Proviamo, quindi, a praticare muovendo dal nostro respiro; non abbiamo bisogno di ricercare lo sforzo muscolare nella pratica, se questo significa perdere il flusso tra inspirazione ed espirazione. La vera sfida, invece, è fare un passo indietro, chiudere gli occhi e sentire dove si trova il respiro. Ci sono parti del corpo in cui ho più difficoltà a percepirlo? Cosa posso fare per invitarlo dall’interno? Sono domande alle quali posso rispondere solo prestando ascolto, lasciando al "testimone che mi vive dentro" (la Buddhi) la guida in un processo di scoperta, senza prefiggermi obiettivi da raggiungere che possano in qualche modo rendermi meno sensibile ai segnali che ricevo dal corpo o dall’ambiente che mi avvolge.
Un’altra accezione di Vinyasa è quella di Yoga dinamico, ovvero sequenze di asana che si sviluppano seguendo un’armonia e un’intelligenza intrinseche, fondendo respiro e movimento. Le sei serie di Ashtanga di Sri Pattabhi Jois sono forse l’esempio più famoso. Maestro di Jois è Krishnamacharya, il quale non solo insegnava specifiche sequenze di Vinyasa, ma enfatizzava questa pratica come un abile approccio alla vita, alle abilità individuali, alla consapevolezza del sé, alla cura, alle relazioni interpersonali e alla realizzazione personale. La pratica del Vinyasa Yoga ci richiede un’attenzione costante affinché si possa collegare un movimento al successivo, un’ispirazione all’espirazione che ne consegue.
Nello specifico Krishnamacharya fonda uno Yoga dinamico chiamato Vinyasa Krama, che si basa su una progressione di asana volte al raggiungimento di un obiettivo specifico, che sia l’esecuzione di un determinato asana, l’attivazione di uno dei Panca Prana (5 soffi vitali), e via dicendo
Attualmente in Occidente sono tanti i nuovi stili di Vinyasa, tra cui Power Yoga, Rocket Yoga, Vinyasa Flow, Shiva Flow.

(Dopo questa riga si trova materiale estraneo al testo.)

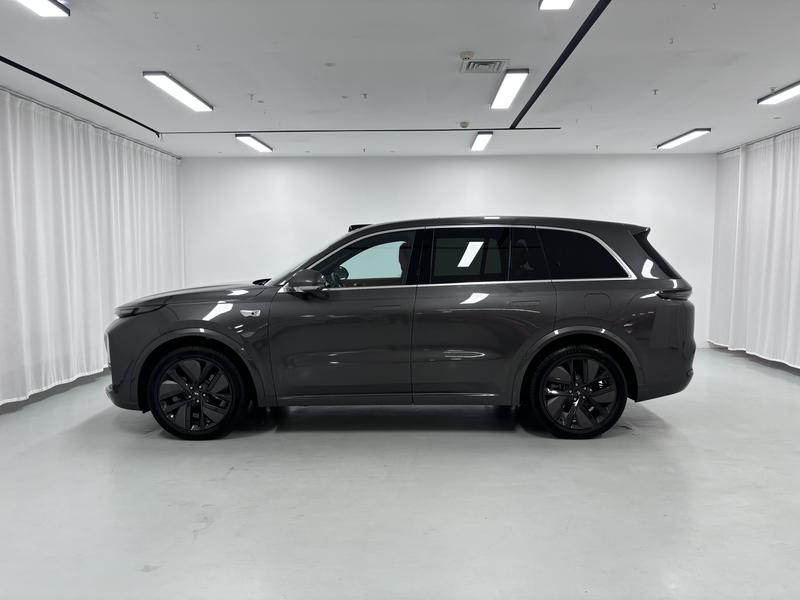 Li Auto Ideal L8 2024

In generale durante la pratica quando si usa il termine Vinyasa, si fa riferimento a una breve sequenza di posizioni che utilizziamo per collegare tra loro asana o sequenze di asana. Le posizioni che lo compongono, e che vedete qui illustrate, sono: Tadasana, Urdhvastasana, Uttanasana, Ardha Uttanasana, Chaturanga Dandasana, Urdhva Muka Svanasana, Adho Muka Svanasana.
Poi, come avremo modo di vedere di frequente, lo Yoga risponde prima di tutto a una sola regola, quella del "dipende". Questa sequenza di asana appena riportata, infatti, può essere modificata in base alle esigenze; per esempio sostituendo Chaturanga Dandasana con Ashtanga Namaskara o Urdhva Muka Svanasana con Bujangasana. L’universalità dello Yoga risiede anche nella sua infinita gamma di possibilità, che lo arricchisce e che ci permette di adattarlo a noi.